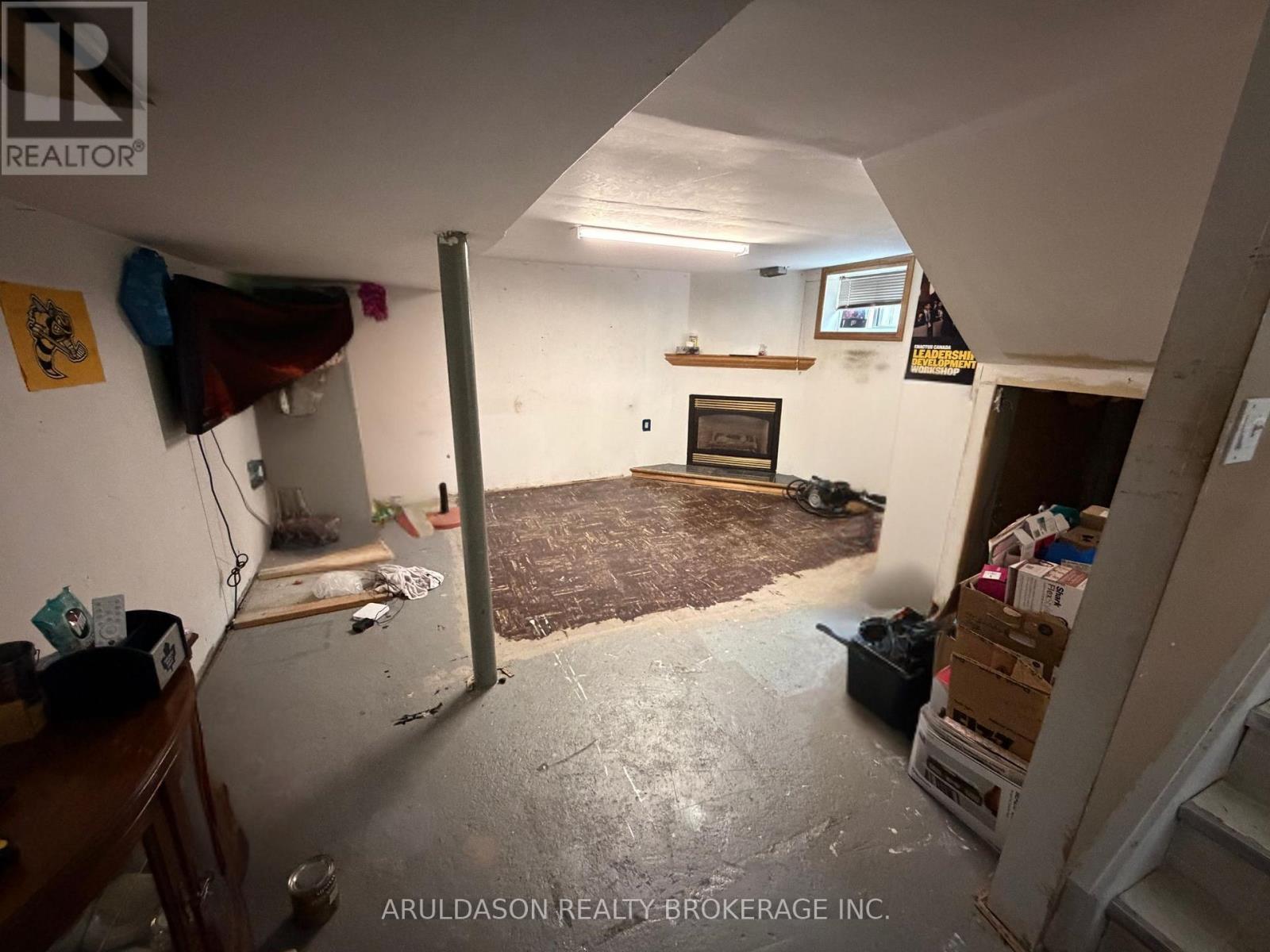 457 MONTCALM AVENUE - 13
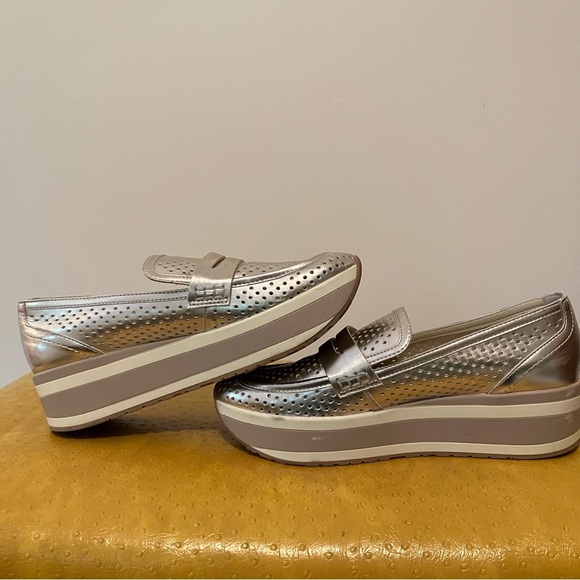 Dolce Vita Janine Slip-On Platform Loafer Sneaker Perforated Softwaves Gold 9.5 - Picture 4 of 10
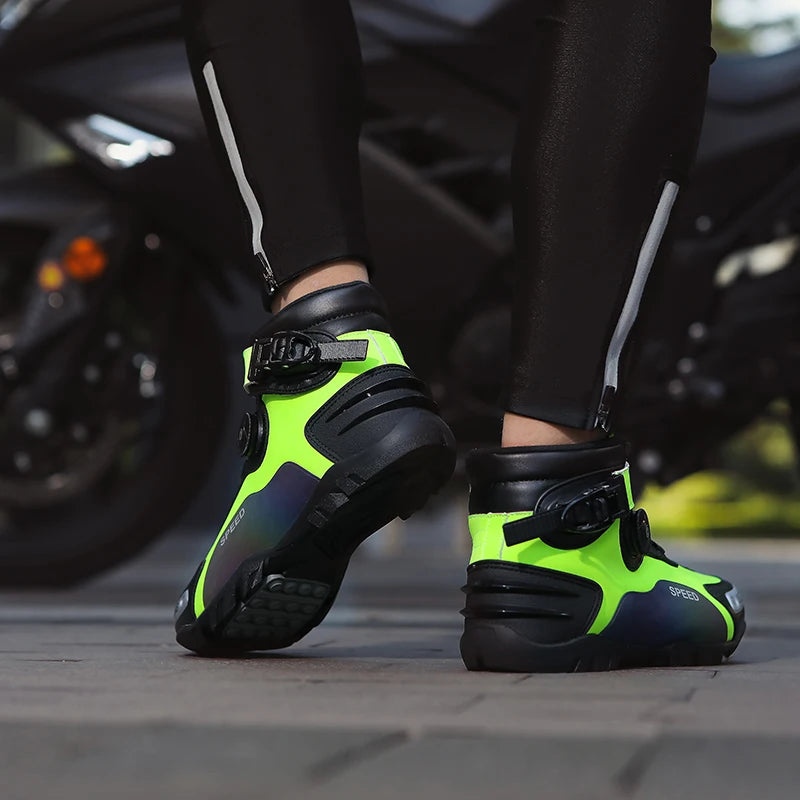 Botas de motocicleta frescas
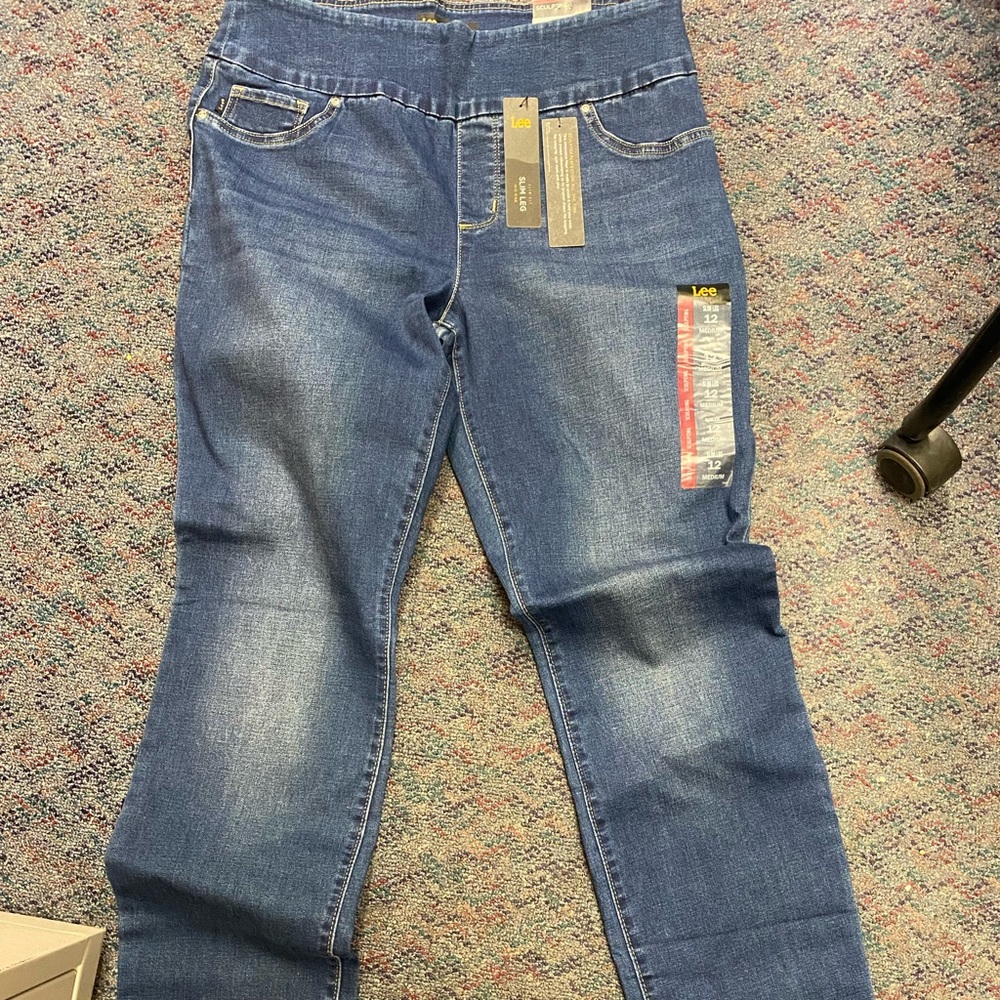3 for $15 Lee Jeans Mid Rise Stretchy size 12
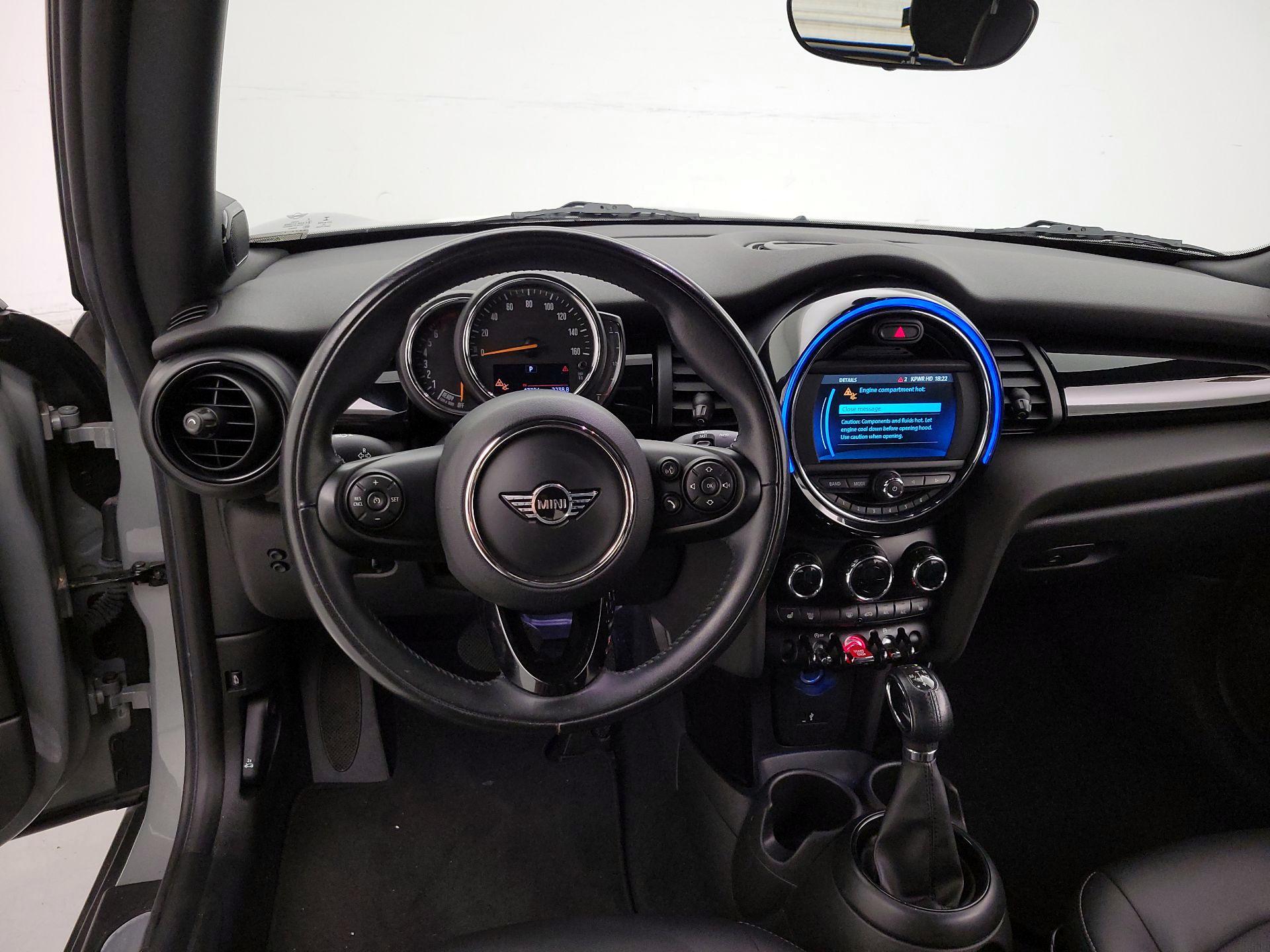 Thumbnail: 2019 MINI Cooper - 10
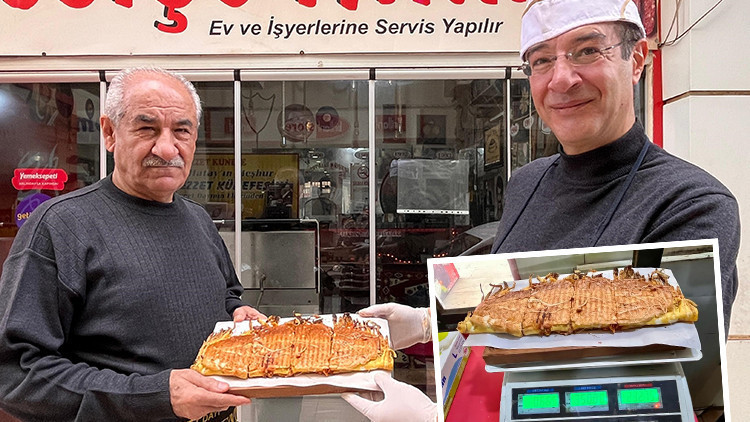 'Yiyen g&uuml;n boyu tok oluyor' | 600 liraya satılan tostun gramajı ve i&ccedil;eriği merak konusu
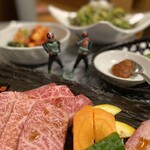 川崎名物 炭火焼肉 食道園 - 旨そうだな！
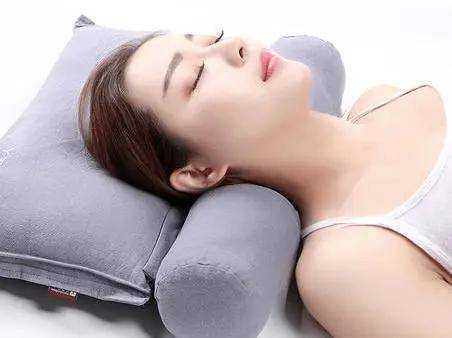 枕头选不对,小心颈椎病!高枕或低枕,你选对了吗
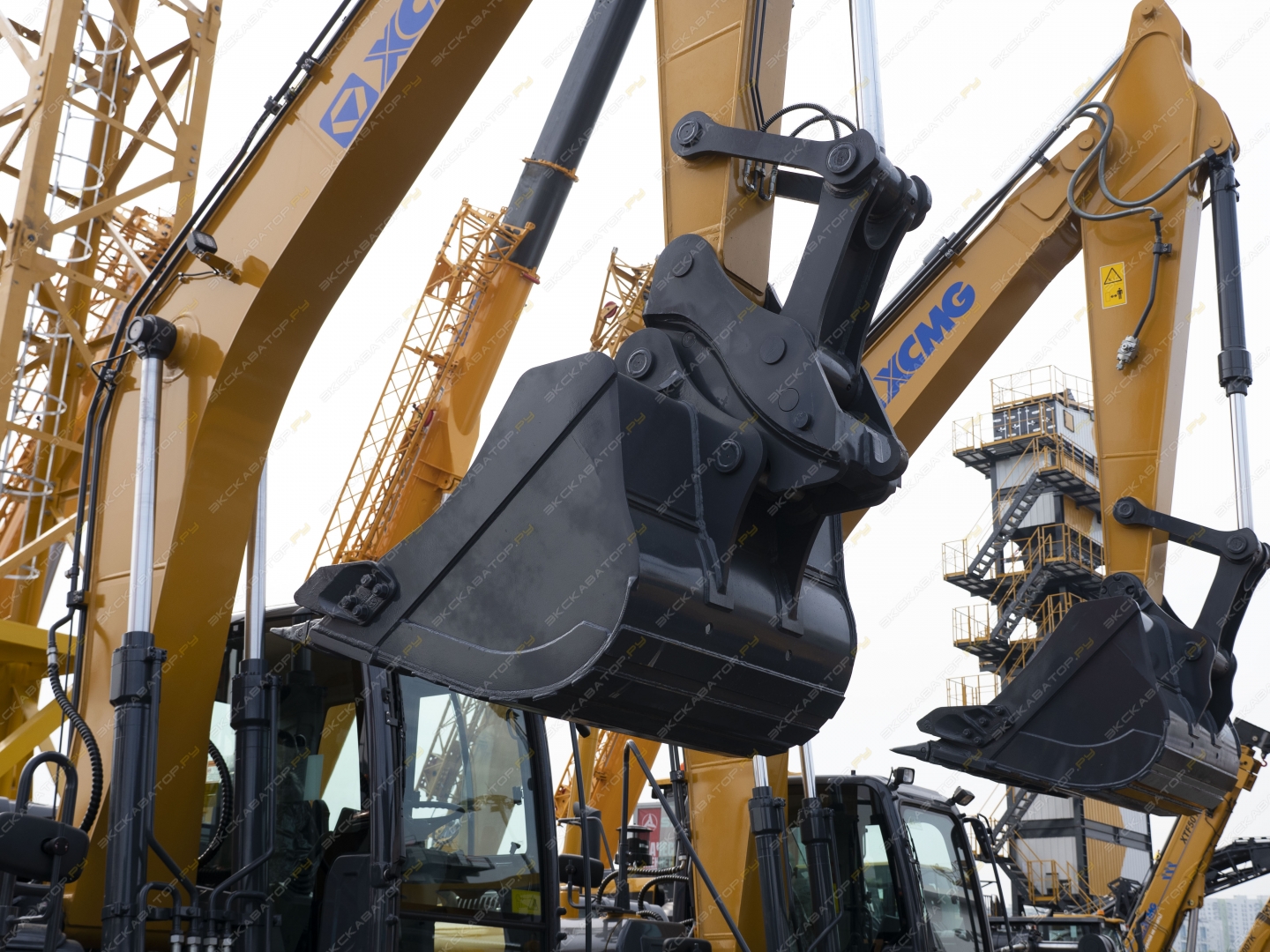 XCMG XE180WD [7]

Description of the task | Set down exactly, line for line, the data from the line that contains "Thumbnail: 2019 MINI Cooper - 10" through its last line, keeping pictures out.

Solution to the exercise |
 Thumbnail: 2019 MINI Cooper - 10
 'Yiyen g&uuml;n boyu tok oluyor' | 600 liraya satılan tostun gramajı ve i&ccedil;eriği merak konusu
 川崎名物 炭火焼肉 食道園 - 旨そうだな！
 枕头选不对,小心颈椎病!高枕或低枕,你选对了吗
 XCMG XE180WD [7]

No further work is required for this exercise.